As the UWMCC congregated in the atrium of the sports centre, rumours of a stall-less journey to the Connexion were circulating and true to form our own Ed Cooper delivered, albeit struggling once more with the ‘roundabout of death’ – when will he learn how to stop? Chat on the way there consisted of a Ferdinand ‘Tyrannosaurus Sesh’ Rex prophecy that we would surely be late (wrong) and a Cooper rendition of Taylor Swift (wrong, on so many levels).
Upon arrival, new boys Chase and Fussey, like so many before them, marvelled at the diminished nature of the arena, before showing the selection committee their prowess with bat and ball respectively in the warmup. Opposition Binley Woods seemed to find it hilarious that there was a 15 year gap between our oldest player and their youngest, and once the game was underway it would become clear that the young guns were far superior.
James Fussey’s over beat the bat several times, and a runout was found after some sharp work from The Moose™ turned a dropped catch into a neat piece of fielding. Two more wickets fell in the next two overs, details escape me but a nice catch off the back wall from Joe Chattle found the fourth. The fifth wicket caused a slight break in proceedings, in order for Binley to argue with the umpire and our skipper over the legitimacy of the catch. James Fussey steamed in and bowled a good ball which was clipped off the pads by the Binley bat (who looked surprisingly like Abdul from spicy bites), before crashing into the netted wall at midwicket and into the hands of the otherwise TFC’d Clobber. The controversy behind the catch, however, is that the fortunate bounce was not true to the netting, but was warped by a bench just outside it and as a result popped up fairly nicely. Get on with it, whoppers. 47 A.O.

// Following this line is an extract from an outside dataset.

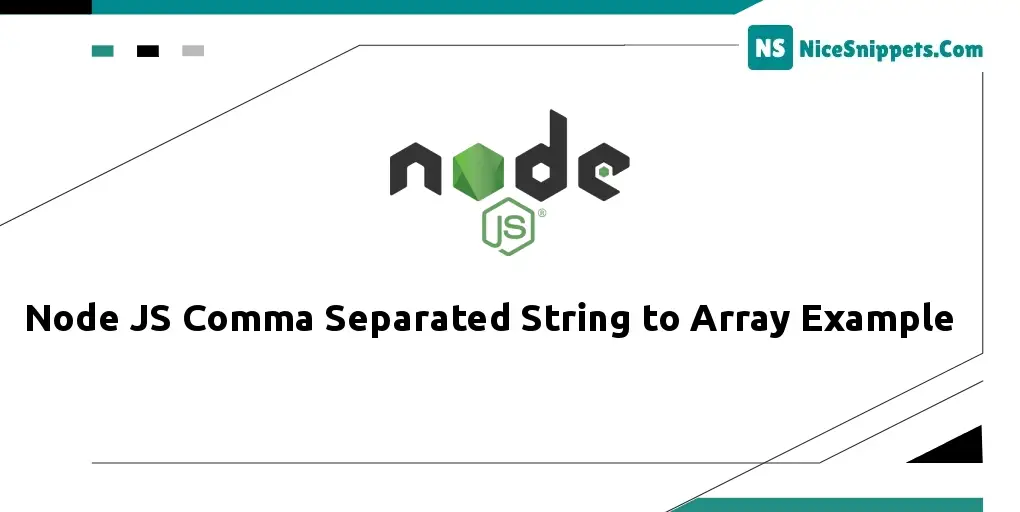 Node JS Comma Separated String to Array Example
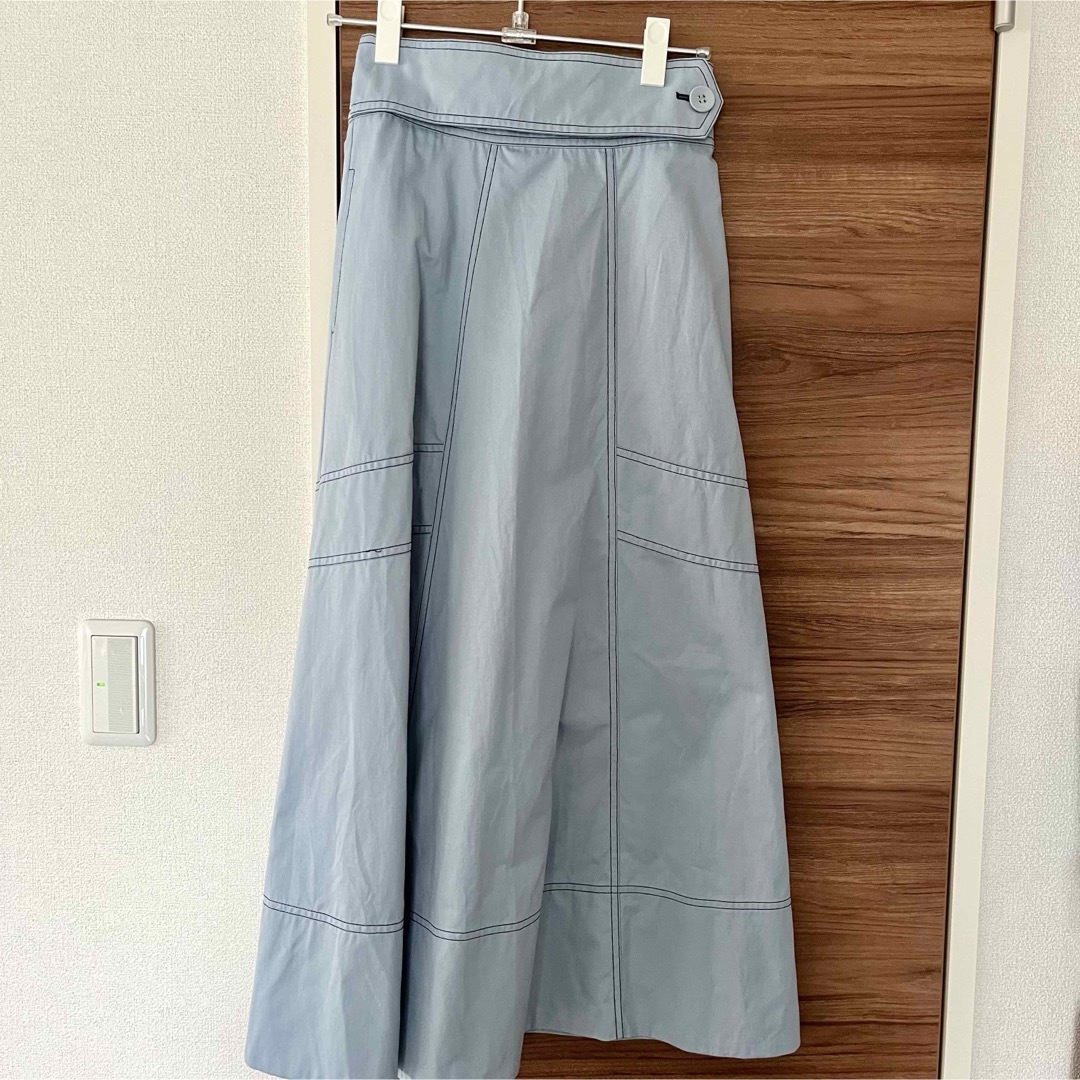 REDYAZEL(レディアゼル)の美品✨洗濯済💡REDYAZEL💋ロングスカート🌻デニム風💙コットン素材 レディースのスカート(ロングスカート)の商品写真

The UWMCC chase was particularly straightforward, with the most interesting anecdote I can provide about it being Joe Chapple’s innings, 3,1,3,1,3,1,3,1,3. Ferdinand got out, replaced by Ed Cooper with 10 to win (any of giving Chase a bat??) As we got into the minibus on the way back, our prayers were answered with an Ed Cooper Technical Stall™, and after a swift journey home a great bargain in Tesco’s, as Cooper earned himself a cut-price Chicken and Bacon wrap as the bint couldn’t find the right button on the till.